Yesterday I posted an essay on the main part of this website entitled The Real Dharma Bums: on the beatnik frenzies of Julia Callan-Thompson & Bruno de Galzain. The text documents one of my mother’s relationships and the endless scamming that accompanied the hardcore drug use that was a part and parcel of said romance. Running to 10,000 words, this piece was too long to use as a blog. I prefer to place shorter and more fragmentary materials here. But as a supplement to that and other writings about my mother, I’m running below a couple of letters she wrote to my grandmother Elsie in the early 1960s.

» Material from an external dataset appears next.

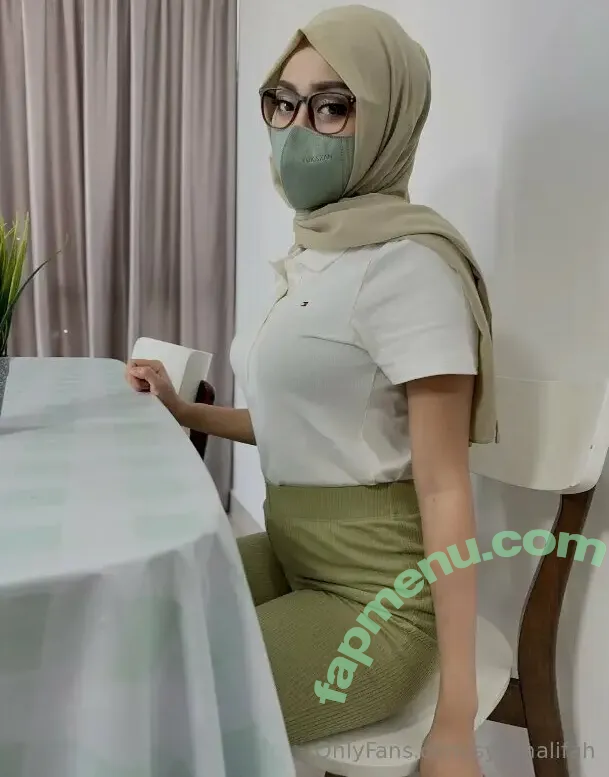 syakhalifah nude photo #0023 (syairahshahid)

The first letter was written from 101 Barnsbury Street, London N1. It  is undated but would have been composed in either August or September 1961; most likely mid-to-late August. My Uncle Terry had recently been caught in possession of stolen goods and was banged up, while my Uncle Johnny was on the run from the army and the cops. Shortly before this, my grandfather Dai was one of several Newport dockers to lose his job after he was discovered incapacitated at work as a result of liberating and downing a large amount of booze that he’d been handling. The early 1960s were tough times for my family and my mother resolved to hide from them fact that she was pregnant (they would, of course, have been very happy to hear this had she been married). My mother was always a little cagey in her letters home, and I’ve heard enough stories about her teenage years to know that while she was only 17 years-old when she penned the first missive I reproduce here, she was already extremely streetwise and adept at pulling scams and cons.

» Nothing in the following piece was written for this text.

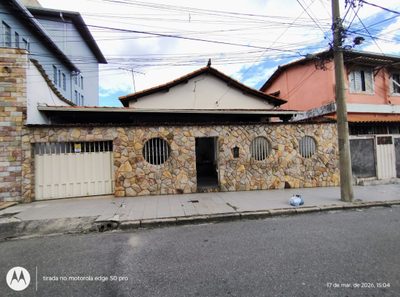 Casa, 3 quartos, 360 m² - Foto 1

I don’t really know what to make of the employment my mother refers to below, she was a nightclub hostess at the time she wrote the letter. Likewise, the story about going to Germany appears to be no more than a way of covering her tracks: she did not want to see family members when she was heavily pregnant with me. My view is my mother had no intention of leaving London – where I was born just before Easter 1962. That said, while disentangling truth from falsehood may be difficult here, the expressions of love towards my grandmother and our wider family are nonetheless one hundred percent genuine. So here’s the first letter:

“I’m writing because I’m wondering why you haven’t written. I sent you a card and a small something on your birthday which included my present address. Have you received this? If it has been mislaid in the post tell me in your next letter and I’ll get in touch with the post office as I’ve a receipt.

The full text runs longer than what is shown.